- _WORK TO BE COMPLETED_: Once the line containing "Rocío Moctezuma, Carla Ruiz y Alma Méndez." is found in the entries below, reproduce it and every line after it, stopping at and including the line containing "Batismo Bressan —"; reproduce nothing else, and keep each line exact.

- _WORKING DATA_:
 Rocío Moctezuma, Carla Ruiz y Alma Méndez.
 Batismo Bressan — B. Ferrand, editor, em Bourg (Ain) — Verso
---
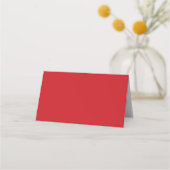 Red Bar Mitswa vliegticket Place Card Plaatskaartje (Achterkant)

- _SOLUTION FOR THIS TASK_:
 Rocío Moctezuma, Carla Ruiz y Alma Méndez.
 Batismo Bressan — B. Ferrand, editor, em Bourg (Ain) — Verso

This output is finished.